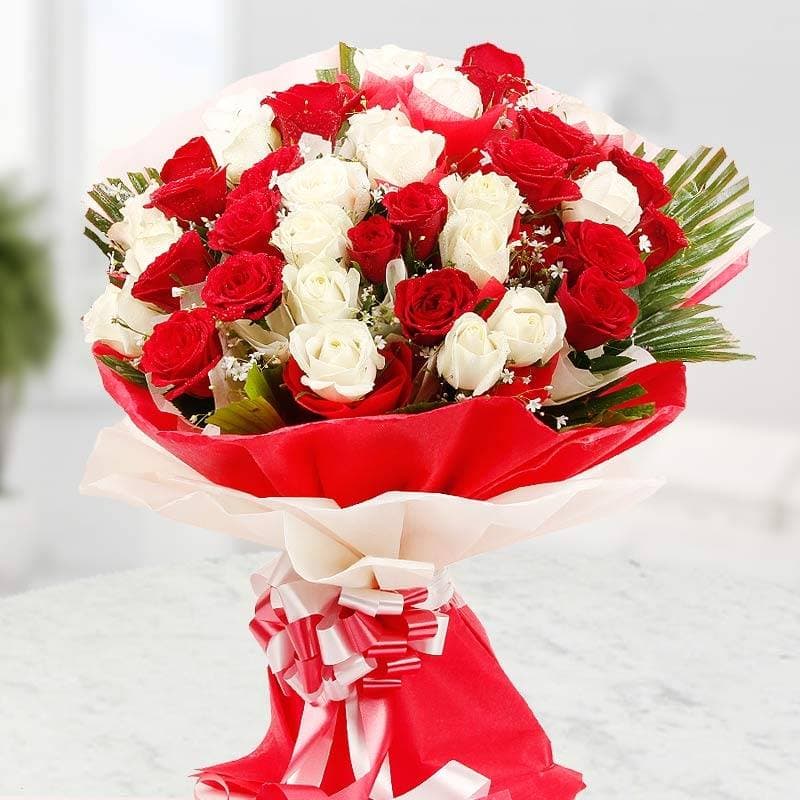 Basket of Red Roses  Basket of 40 Red Roses give to your love with nicely  decorated Ribbons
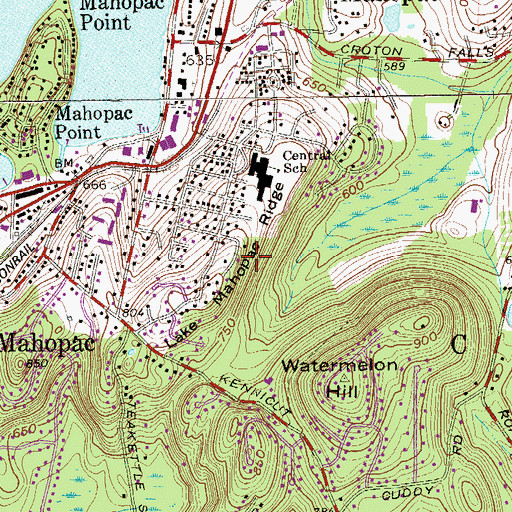 Topographic Map of Lake Mahopac Ridge, NY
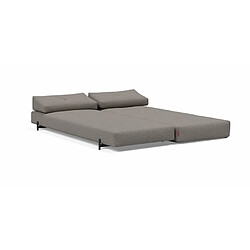 Inside 75 Méridienne design SIGMUND INDU Mixed Dance, Grey convertible lit 160*200 cm pieds Acier noir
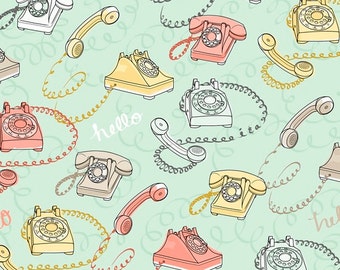 Telephone Fabric - Talk to Me by Ink and Arrow for Quilting Treasures - Full or Half Yard Lt. Seafoam Rotary Phones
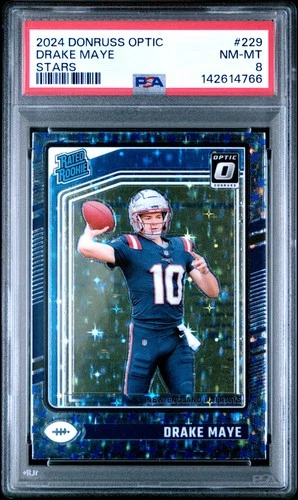 2024 PANINI DONRUSS OPTIC STARS #229 DRAKE MAYE ROOKIE RC PSA 8
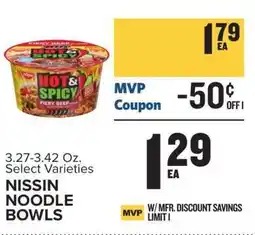 Food Lion Nissin Noodle Bowls offer
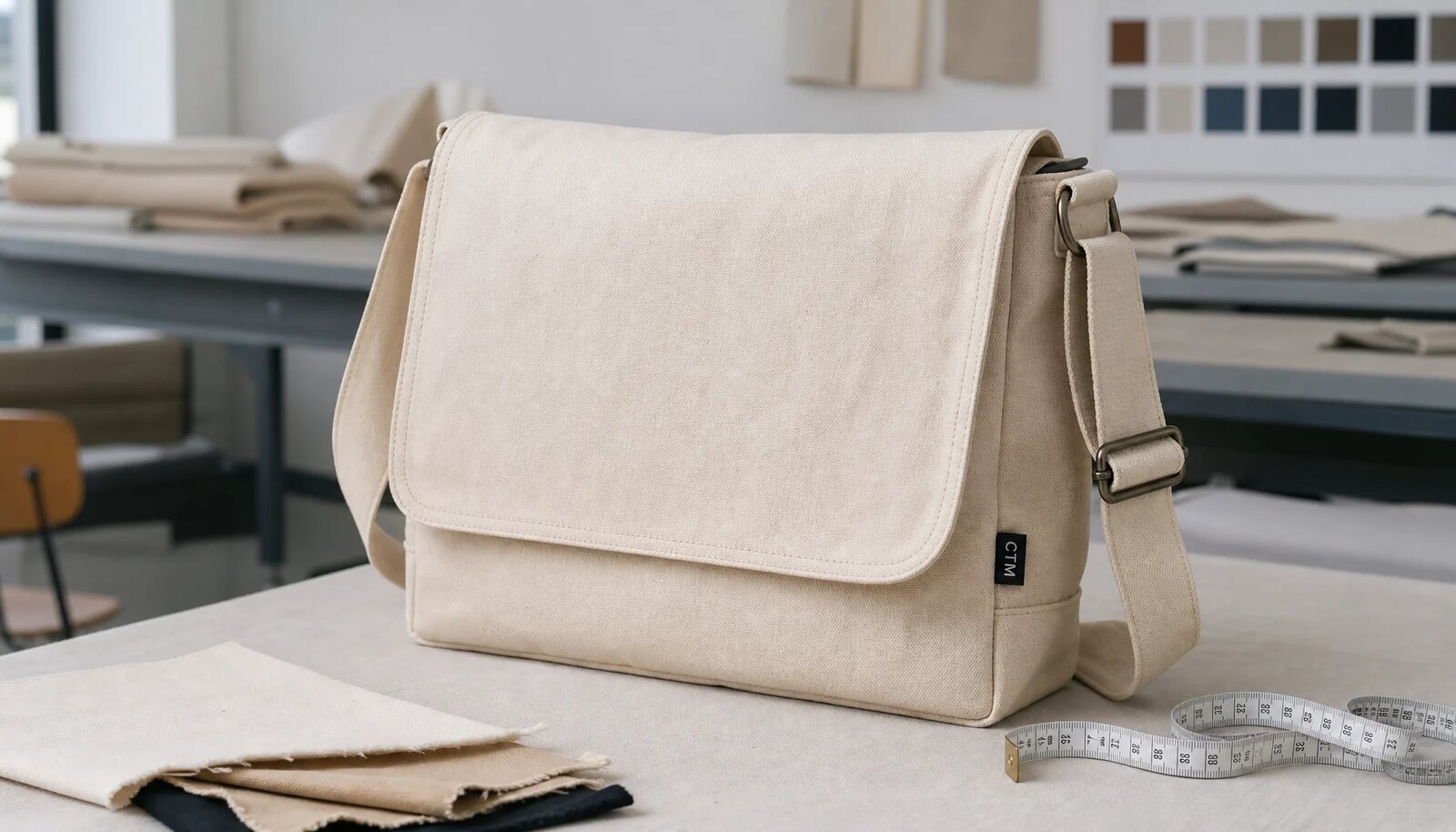 Natural canvas messenger bag sample with CTM woven side label and reinforced strap stitching in a factory sample room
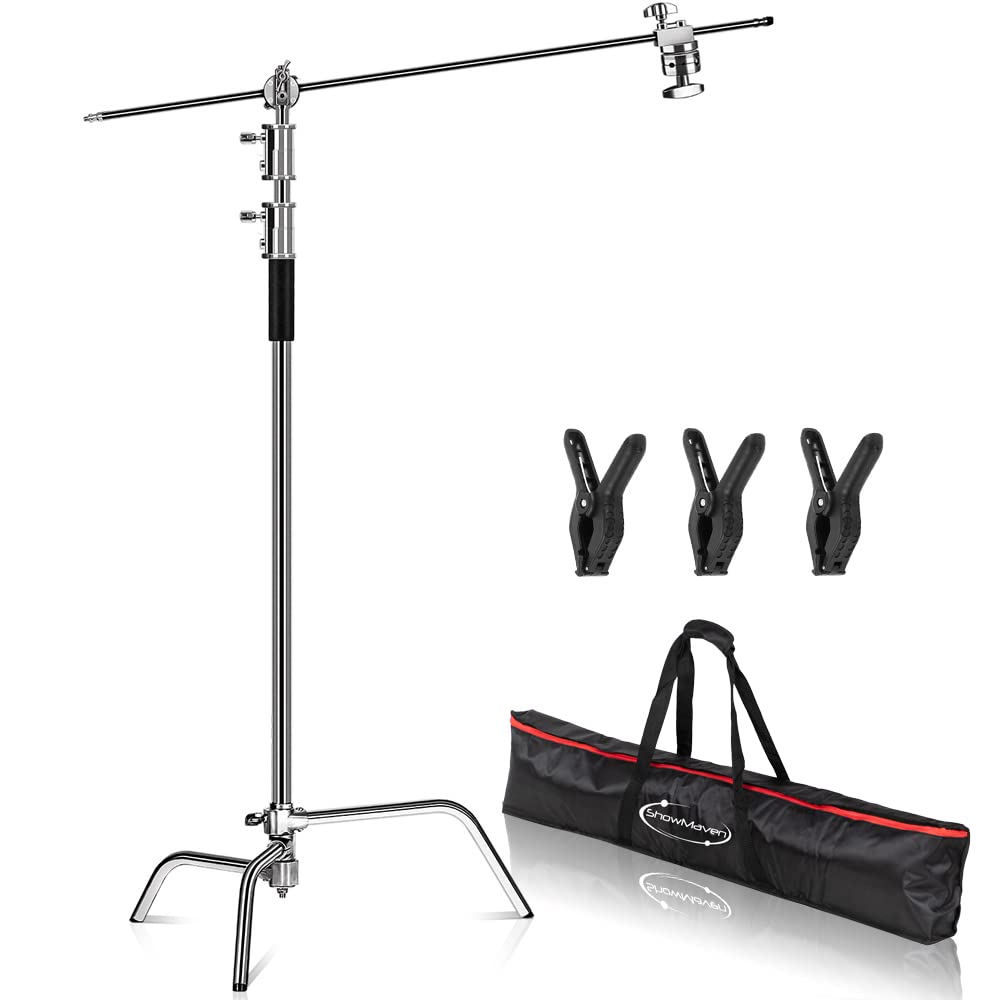 Heavy Duty 10ft C Stand with Boom Arm - Professional Photography Light Stand for Studio, Video Reflector, Monolight & Backdrops - Perfect for Portrait, Product Photography & Video Production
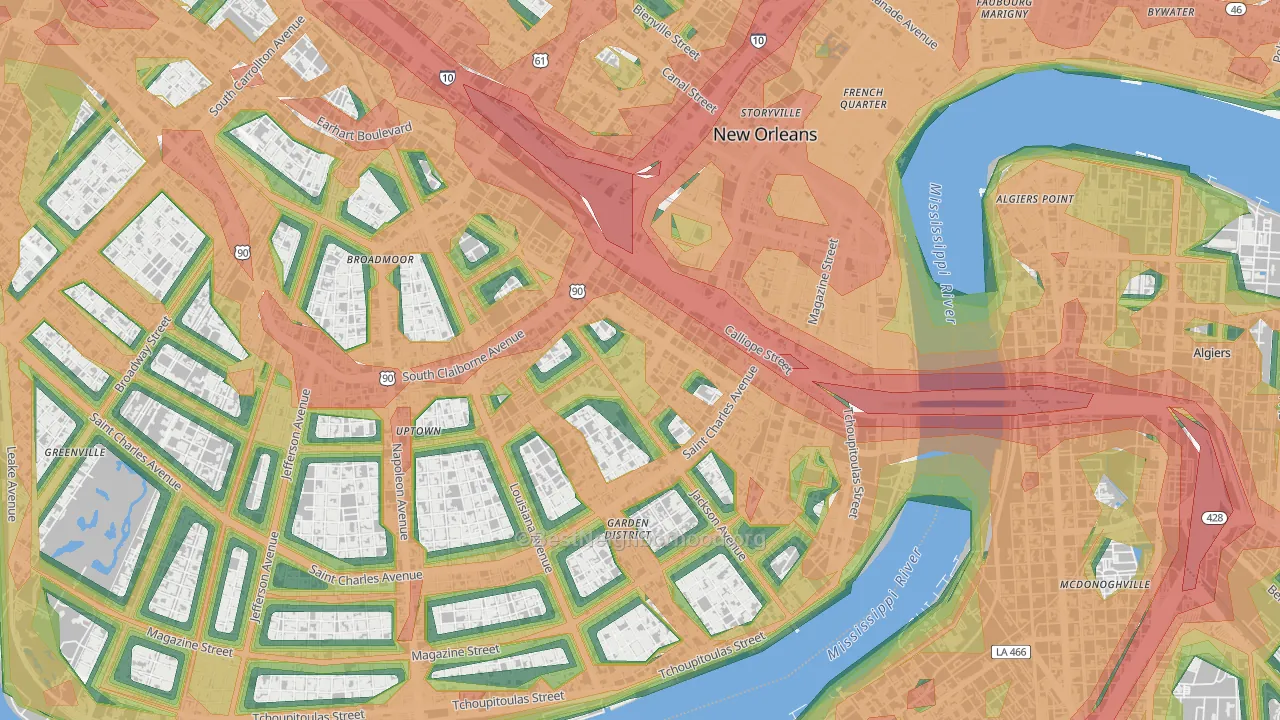 70113, LA Map of Noise Levels in 70113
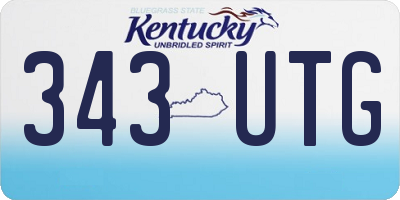 KY license plate 343UTG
= = = = =
WHAT YOU HAVE TO DO:
All lines from the one containing "Heavy Duty 10ft" through the end of the entries above must be given again exactly, with every picture omitted.

EXPECTED ANSWER:
 Heavy Duty 10ft C Stand with Boom Arm - Professional Photography Light Stand for Studio, Video Reflector, Monolight & Backdrops - Perfect for Portrait, Product Photography & Video Production
 70113, LA Map of Noise Levels in 70113
 KY license plate 343UTG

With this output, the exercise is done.